1

I have a working block of code, but something tells me it's not the most efficient.

  • start with a few strings
  • if it has DBA or ATTN followed by at least any 2 characters, capture DBA or ATTN to the end of line, don't look at the next string
  • strip out what was just captured

What I have below seems to do that just fine.

import re

alt_name = ""

name1 = "JUST A NAME"
name2 = "UNITED STATES STORE DBA USA INC"
name3 = "ANOTHER FIELD"

regex = re.compile(r"\b(DBA\b.{2,})|\b(ATTN\b.{2,})")
if re.search(regex, name1):
    match = re.search(regex, name1)
    alt_name = match.group(0)
    name1 = re.sub(regex, "", name1)
elif re.search(regex, name2):
    match = re.search(regex, name2)
    alt_name = match.group(0)
    name2 = re.sub(regex, "", name2)
elif re.search(regex, name3):
    match3 = re.search(regex, name3)
    alt_name = match.group(0)
    name3 = re.sub(regex, "", name3)

print(name1)
print(name2)
print(name3)
print(alt_name)

Is there a way to capture and strip with just 1 line instead of searching, matching and then subbing?
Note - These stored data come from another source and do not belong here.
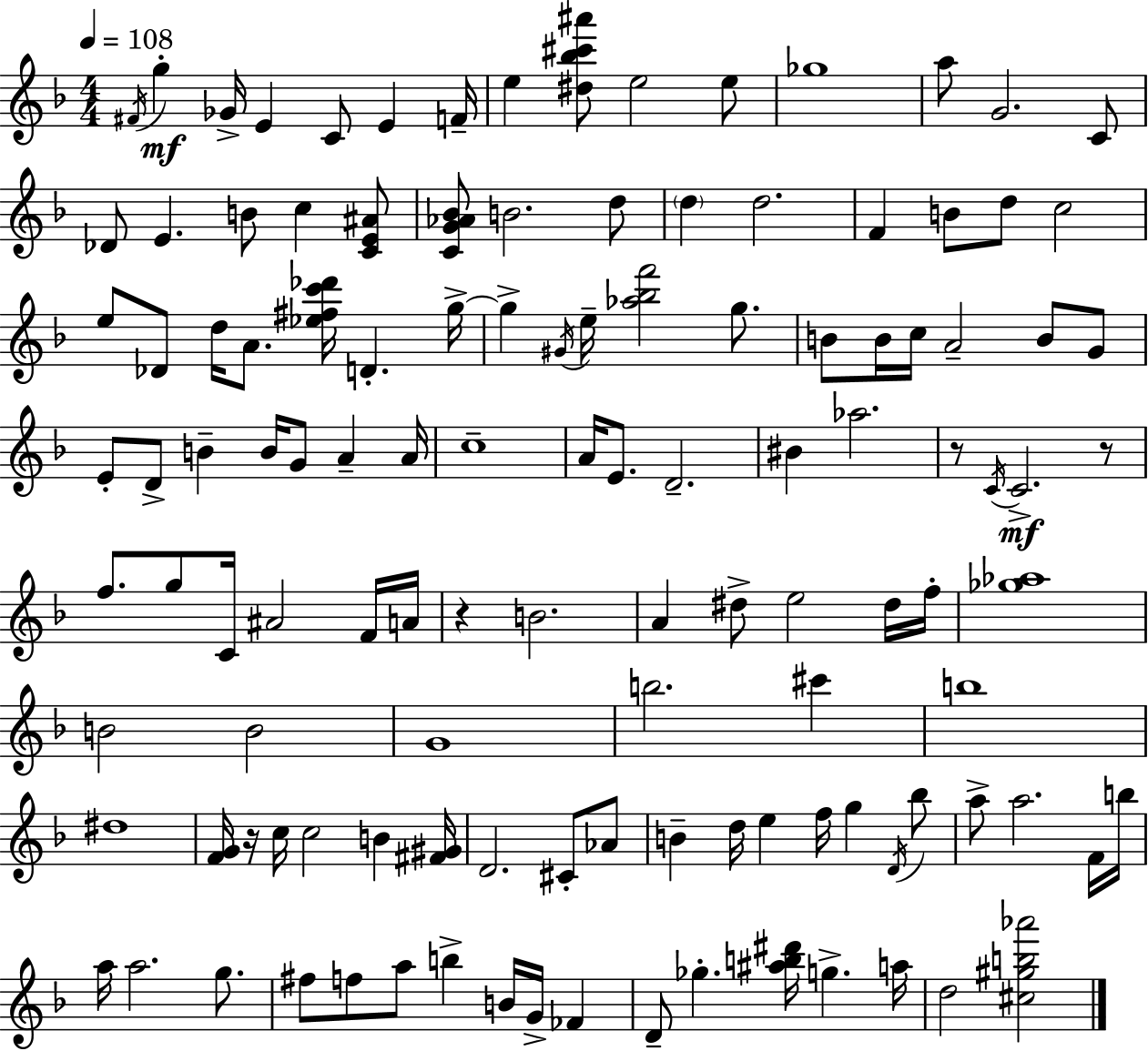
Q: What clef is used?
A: treble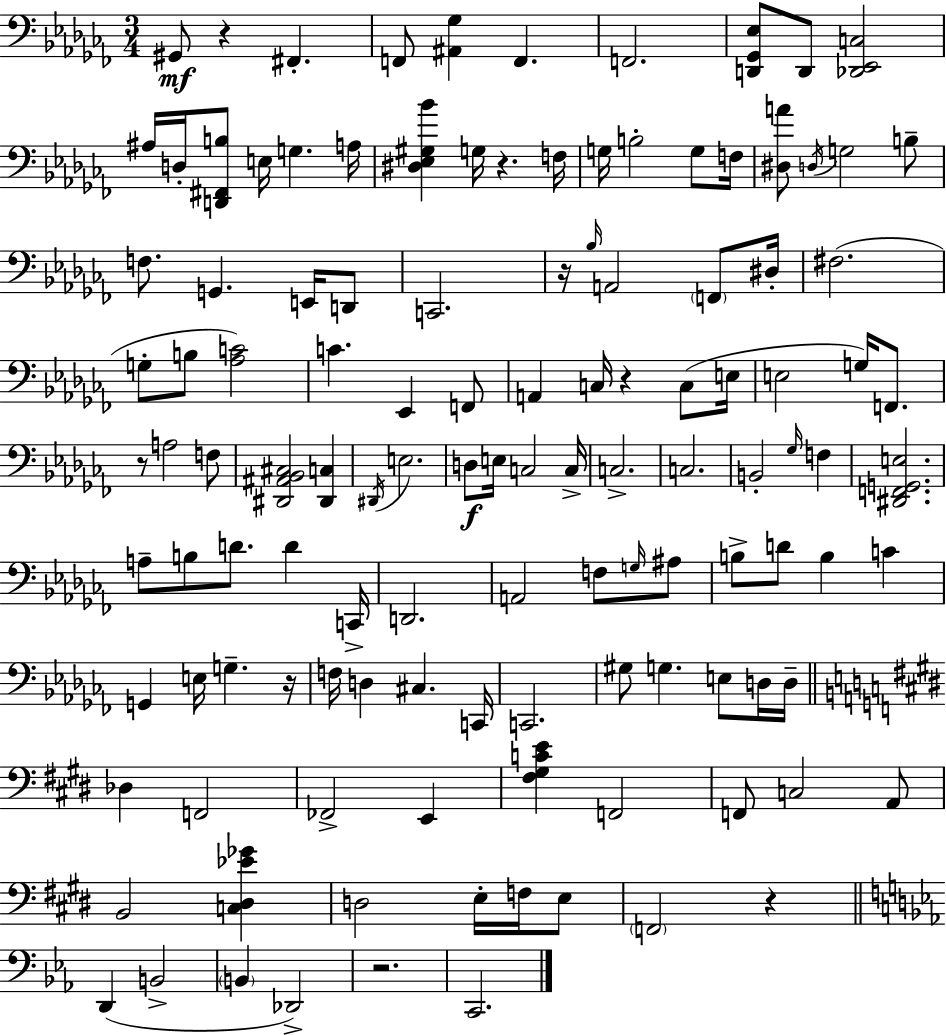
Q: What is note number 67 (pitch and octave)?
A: D4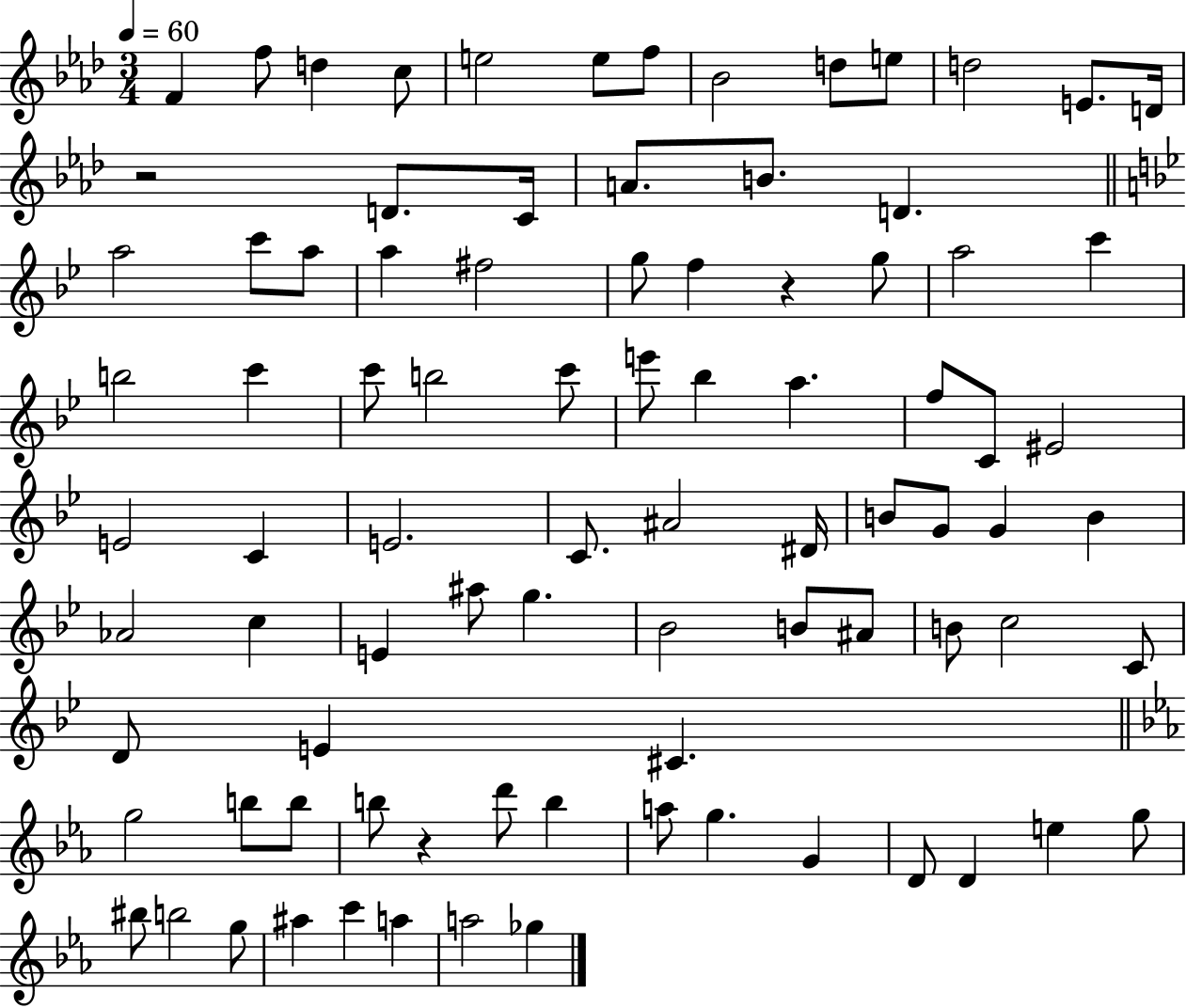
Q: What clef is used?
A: treble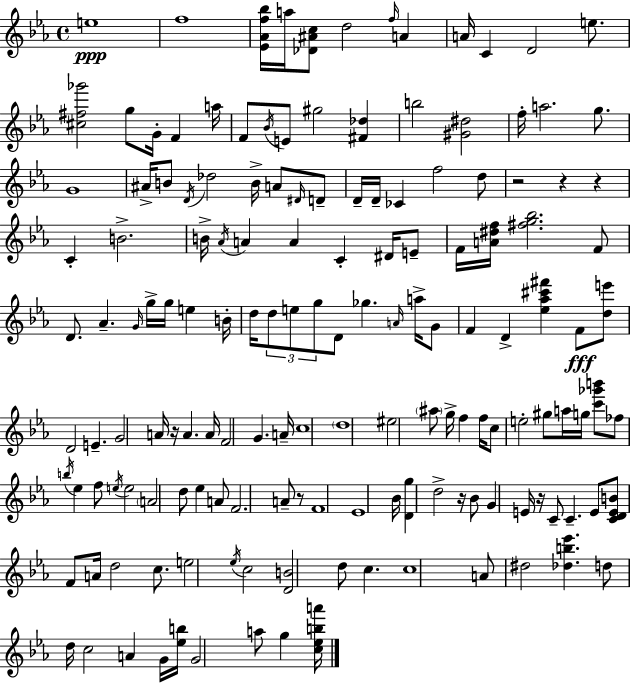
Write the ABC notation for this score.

X:1
T:Untitled
M:4/4
L:1/4
K:Eb
e4 f4 [_E_Af_b]/4 a/4 [_D^Ac]/2 d2 f/4 A A/4 C D2 e/2 [^c^f_g']2 g/2 G/4 F a/4 F/2 _B/4 E/2 ^g2 [^F_d] b2 [^G^d]2 f/4 a2 g/2 G4 ^A/4 B/2 D/4 _d2 B/4 A/2 ^D/4 D/2 D/4 D/4 _C f2 d/2 z2 z z C B2 B/4 _A/4 A A C ^D/4 E/2 F/4 [A^df]/4 [^fg_b]2 F/2 D/2 _A G/4 g/4 g/4 e B/4 d/4 d/2 e/2 g/2 D/2 _g A/4 a/4 G/2 F D [_e_a^c'^f'] F/2 [de']/2 D2 E G2 A/4 z/4 A A/4 F2 G A/4 c4 d4 ^e2 ^a/2 g/4 f f/4 c/2 e2 ^g/2 a/4 g/4 [c'_g'b']/2 _f/2 b/4 _e f/2 e/4 e2 A2 d/2 _e A/2 F2 A/2 z/2 F4 _E4 _B/4 [Dg] d2 z/4 _B/2 G E/4 z/4 C/2 C E/2 [CDEB]/2 F/2 A/4 d2 c/2 e2 _e/4 c2 [DB]2 d/2 c c4 A/2 ^d2 [_db_e'] d/2 d/4 c2 A G/4 [_eb]/4 G2 a/2 g [c_eba']/4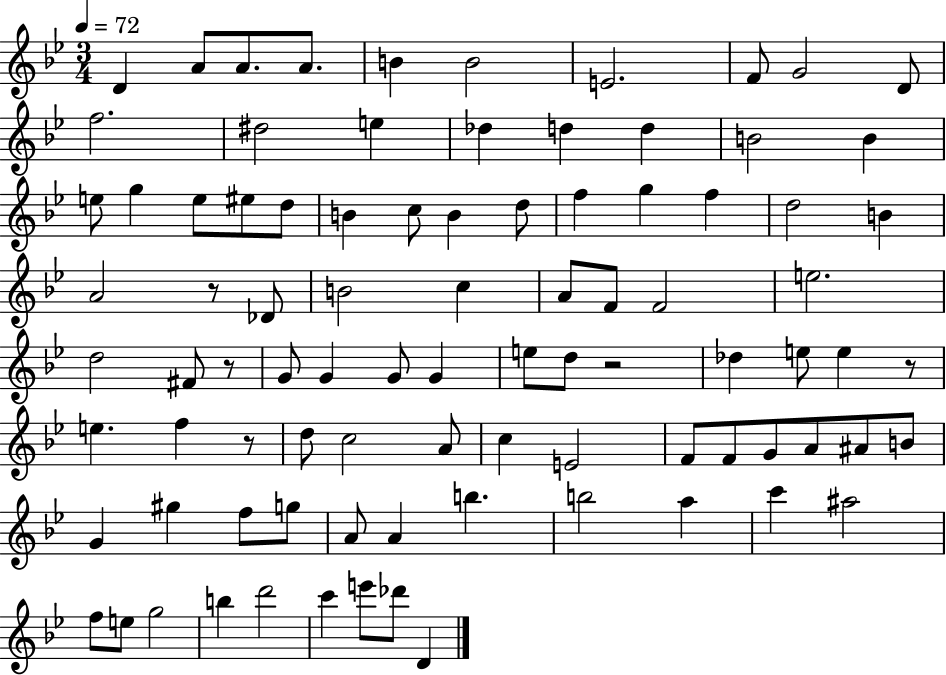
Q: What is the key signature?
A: BES major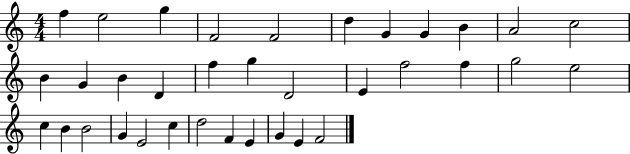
F5/q E5/h G5/q F4/h F4/h D5/q G4/q G4/q B4/q A4/h C5/h B4/q G4/q B4/q D4/q F5/q G5/q D4/h E4/q F5/h F5/q G5/h E5/h C5/q B4/q B4/h G4/q E4/h C5/q D5/h F4/q E4/q G4/q E4/q F4/h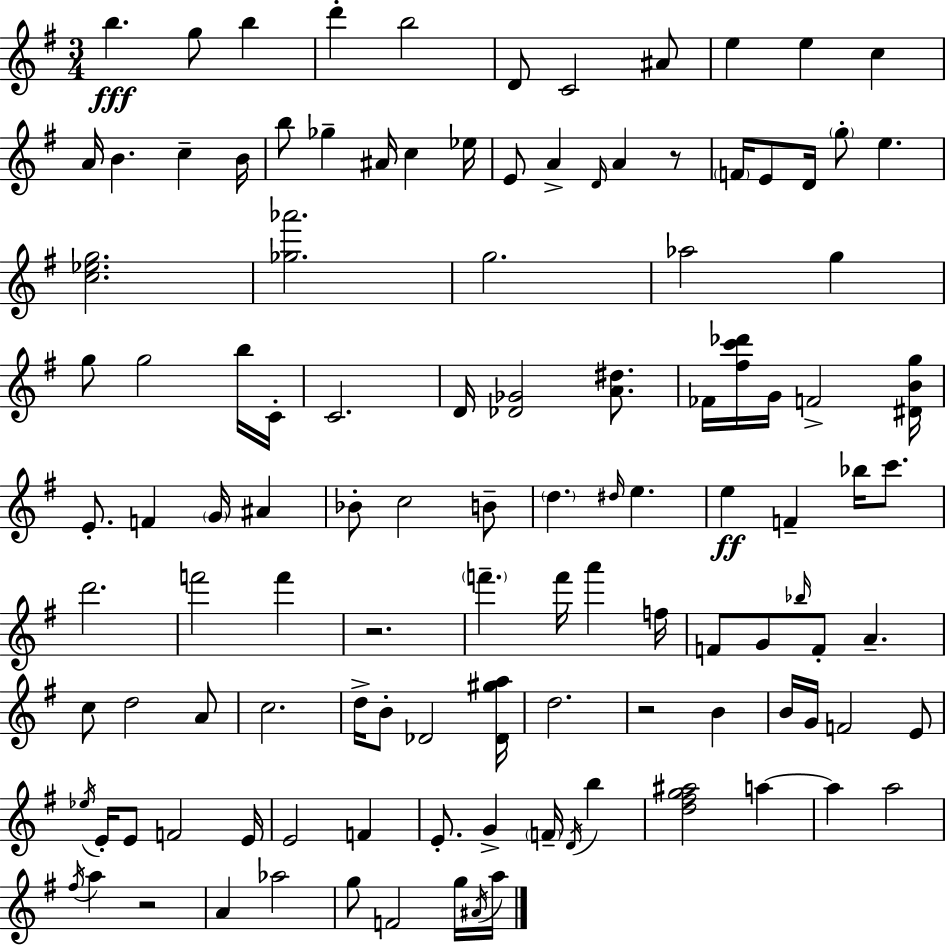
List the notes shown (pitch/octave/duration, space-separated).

B5/q. G5/e B5/q D6/q B5/h D4/e C4/h A#4/e E5/q E5/q C5/q A4/s B4/q. C5/q B4/s B5/e Gb5/q A#4/s C5/q Eb5/s E4/e A4/q D4/s A4/q R/e F4/s E4/e D4/s G5/e E5/q. [C5,Eb5,G5]/h. [Gb5,Ab6]/h. G5/h. Ab5/h G5/q G5/e G5/h B5/s C4/s C4/h. D4/s [Db4,Gb4]/h [A4,D#5]/e. FES4/s [F#5,C6,Db6]/s G4/s F4/h [D#4,B4,G5]/s E4/e. F4/q G4/s A#4/q Bb4/e C5/h B4/e D5/q. D#5/s E5/q. E5/q F4/q Bb5/s C6/e. D6/h. F6/h F6/q R/h. F6/q. F6/s A6/q F5/s F4/e G4/e Bb5/s F4/e A4/q. C5/e D5/h A4/e C5/h. D5/s B4/e Db4/h [Db4,G#5,A5]/s D5/h. R/h B4/q B4/s G4/s F4/h E4/e Eb5/s E4/s E4/e F4/h E4/s E4/h F4/q E4/e. G4/q F4/s D4/s B5/q [D5,F#5,G5,A#5]/h A5/q A5/q A5/h F#5/s A5/q R/h A4/q Ab5/h G5/e F4/h G5/s A#4/s A5/s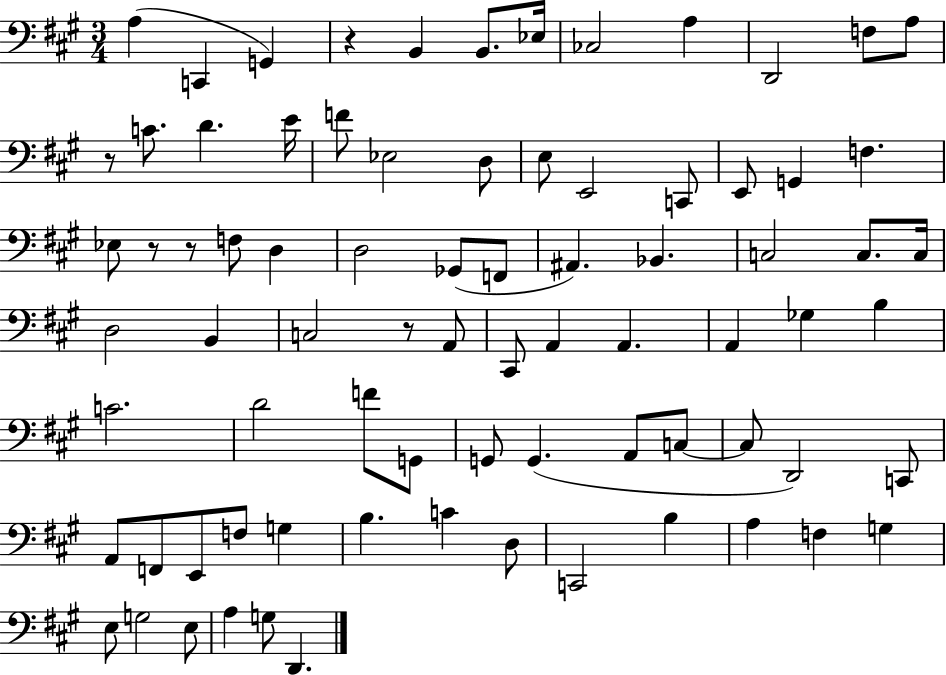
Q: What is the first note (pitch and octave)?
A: A3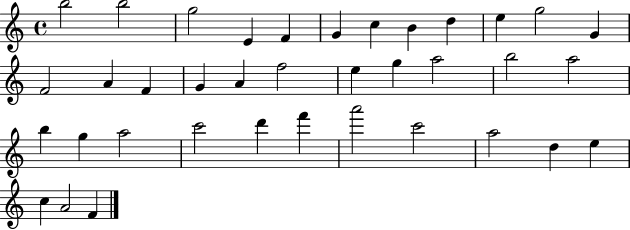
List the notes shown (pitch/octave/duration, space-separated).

B5/h B5/h G5/h E4/q F4/q G4/q C5/q B4/q D5/q E5/q G5/h G4/q F4/h A4/q F4/q G4/q A4/q F5/h E5/q G5/q A5/h B5/h A5/h B5/q G5/q A5/h C6/h D6/q F6/q A6/h C6/h A5/h D5/q E5/q C5/q A4/h F4/q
I'm looking for efficiency and readability. Just making it short to be clever isn't what I'm going for. Maybe this is just the way to do it?

Samuel Dion-Girardeau
  • 2,790
  • 1
  • 29
  • 37
sniperd
  • 5,124
  • 6
  • 28
  • 44
  • Do you just want [`re.sub(r"\s*\b(?:DBA|ATTN)\b.{2,}", "", name2)`](http://rextester.com/WWQWZ74755)? – Wiktor Stribiżew May 29 '18 at 14:06
  • That's a better regex (and I'll use it!) it's the rest of the code. There isn't a tricky python way instead of having 4 lines to search, capture, and strip to do it in one? – sniperd May 29 '18 at 14:10
  • Not sure what you mean. [Maybe this](http://rextester.com/XFL37949)? This example uses a `global` keyword, but you may use a class variable. – Wiktor Stribiżew May 29 '18 at 14:15
  • Ah, val = m.group(0).lstrip() I think that is what I'm looking for. Thank you! – sniperd May 29 '18 at 14:17

1 Answers1

1

You may use a method as a replacement argument to re.sub where you may save the matched text into a variable, and if you want to remove the match found, just return and empty string.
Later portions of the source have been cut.